Вера вновь вспомнила сизые от бешенства зрачки своего врага и спросила:

– Как ты думаешь, он безумен? Ты же помнишь, как он кричал о своей тайной империи?

– Нет, не думаю, скорее мы имеем дело с манией величия, развившейся за долгие годы от полной безнаказанности. Он всегда отдавал себе отчет в преступности своих поступков, поэтому и продумывал все до мелочей: рабов на шахту возил издалека, подручных держал железной хваткой, а сам при этом старался выглядеть весельчаком – душой общества. Помнишь, как он что-то там верещал про совершенство?

– Совершенное зло? – вспомнила Вера и презрительно хмыкнула: – Нет, такого не бывает, тем более у Бунича, ведь он не слишком сообразителен, раз за все эти годы так и не догадался, что соль можно размалывать, а я придумала это практически сразу.

Бледной ночной бабочкой мелькнула на ее губах улыбка. Вера казалась такой близкой, до боли родной, и Платон решился:

– Я очень горжусь тобой, – признался он, – и еще я очень люблю тебя, и не знаю, как смогу дальше жить, если ты не ответишь мне взаимностью…

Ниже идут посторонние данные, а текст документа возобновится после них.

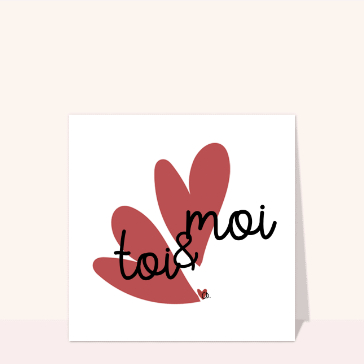 Carte Toi et moi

Вот и свершилось это чудо. Маленькая рабочая лошадка – верная опора семьи – стала вдруг прекрасной принцессой из самой счастливой сказки. Ее любили! Нежно и преданно, на всю жизнь! Вере показалось, что ее сердце прикоснулось к сердцу мужа, и она наконец-то отважилась на главные слова своей жизни:

– Я тоже очень тебя люблю…

Платон прижал ее к себе и поцеловал, а Млечный путь над их головами выгнулся звездной дугой, соединив прошлое с будущим мерцающей дорогой счастья.